Even for the tenner it seems good value especially as we get a paIR OF REDUCED PRICE SLIPPERS .

Graham


----------



## richy176 (Aug 7, 2013)

They show the watch on their website. As it is free then keep it if you like it - otherwise give it away or bin it.


----------



## Always"watching" (Sep 21, 2013)

There is a Wikipedia profile of the man himself - Daniel Hechter - and the Daniel Hechter brand website gives some details about the company. Just how the quality of the watches matches up to the retail prices seen on, say, Amazon, I don't know, but since the watch is a free gift, you don't have anything to lose either way. As to the origin of the Daniel Hechter watches, I would think they are essentially Chinese-made.


----------



## sabailand (May 28, 2010)

Seen some of these watches in those magazines you sometimes get with the paper, cant imagine many people actually wanting and paying for one but as others have said if its free you cant go wrong.

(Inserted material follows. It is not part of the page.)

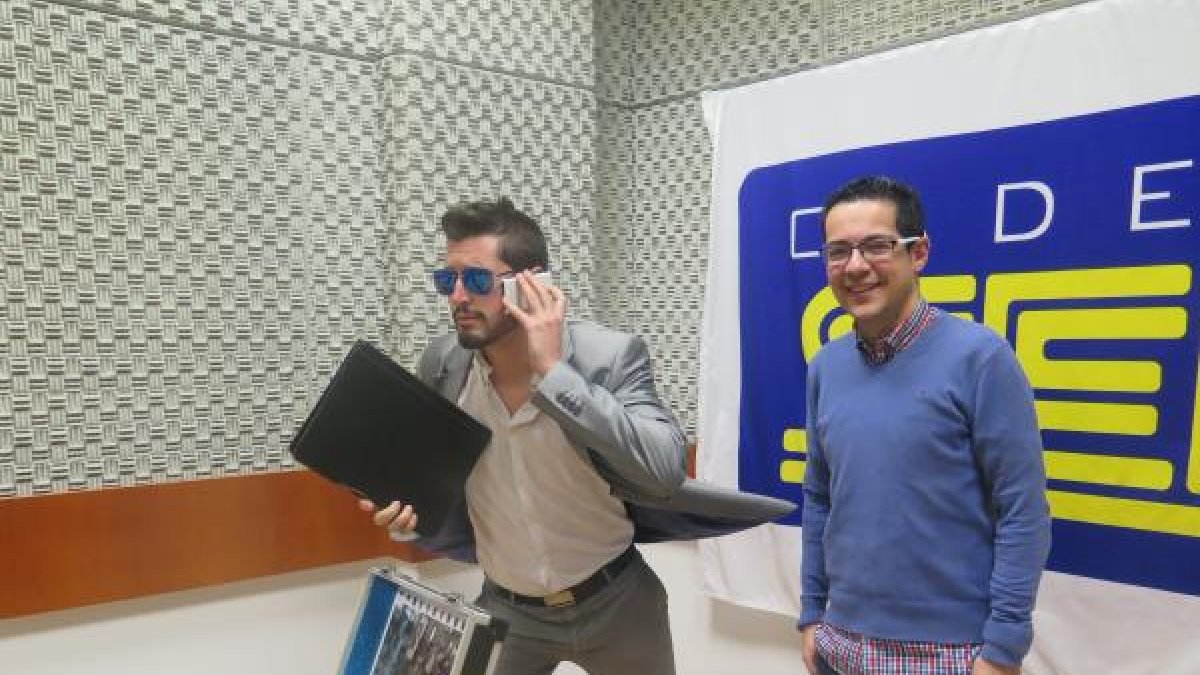 David Dadis durante la entrevista en los estudios de Cadena Ser Poniente.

Indeed some of them are £100+, but some are real cheapo things, Atlas seem to give these models away when you buy stuff from their magazine, the sort where the hands on the multi dials on the face dont move and are just there for fancy, those are the ones that will more than likely come with your slippers.


----------



## spinynorman (Apr 2, 2014)

Since you're paying for the slippers, I'd be more worried about them.


----------



## Graham11 (Dec 3, 2014)

Thank you all for the replies.

I am not really bothered about the watch as it is really free but I was just curious about it.

I shall obviously keep it for as long as it keeps going.

I always find these cheap watches handy for going on holiday where it doesn`t matter if they get lost/ stolen or damaged.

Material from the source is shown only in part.